(Beginning of RECORDS PROVIDED)

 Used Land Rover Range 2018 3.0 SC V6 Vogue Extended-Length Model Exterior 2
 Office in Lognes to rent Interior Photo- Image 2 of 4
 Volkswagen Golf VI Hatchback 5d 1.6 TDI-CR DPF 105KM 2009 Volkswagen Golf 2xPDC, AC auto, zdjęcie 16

(End of RECORDS PROVIDED)
(Beginning of RECORDS PROVIDED)

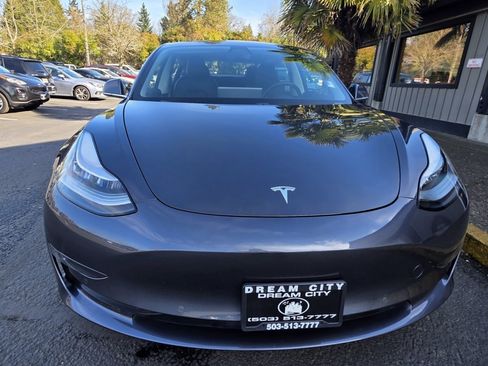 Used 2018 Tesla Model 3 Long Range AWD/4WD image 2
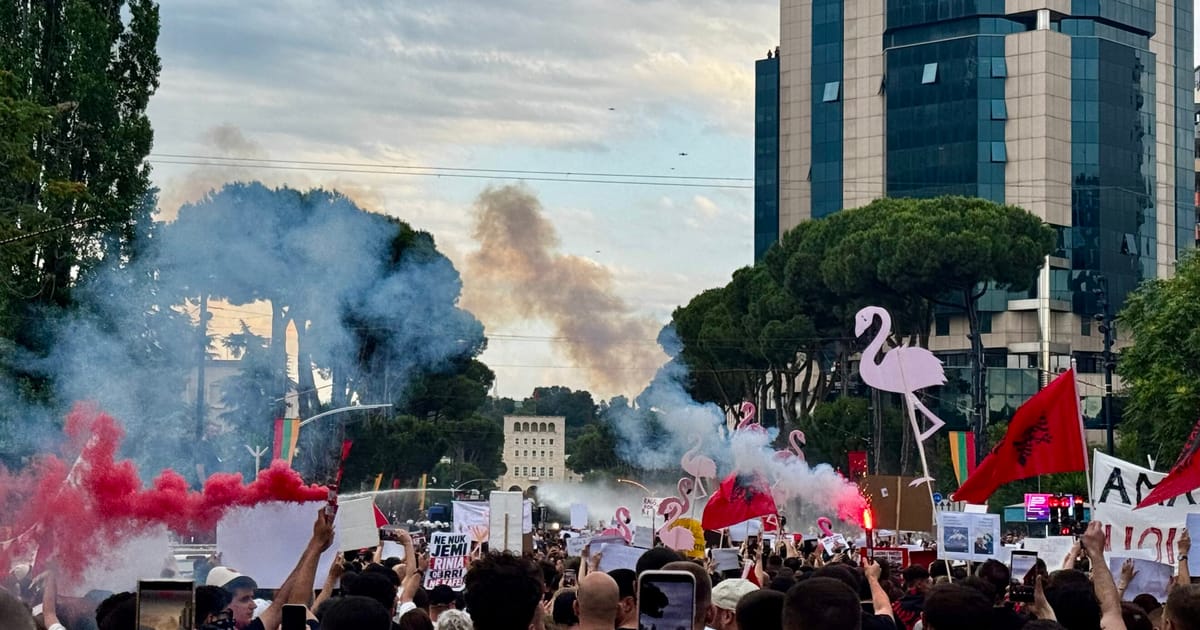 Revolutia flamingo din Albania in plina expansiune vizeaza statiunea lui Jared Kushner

(End of RECORDS PROVIDED)

## WHAT NEEDS TO BE DONE:
Set down exactly the lines of the data above, beginning with the line that has "Office in Lognes" and ending with the line that has "Volkswagen Golf VI", and no others.

## SOLVED EXERCISE:
 Office in Lognes to rent Interior Photo- Image 2 of 4
 Volkswagen Golf VI Hatchback 5d 1.6 TDI-CR DPF 105KM 2009 Volkswagen Golf 2xPDC, AC auto, zdjęcie 16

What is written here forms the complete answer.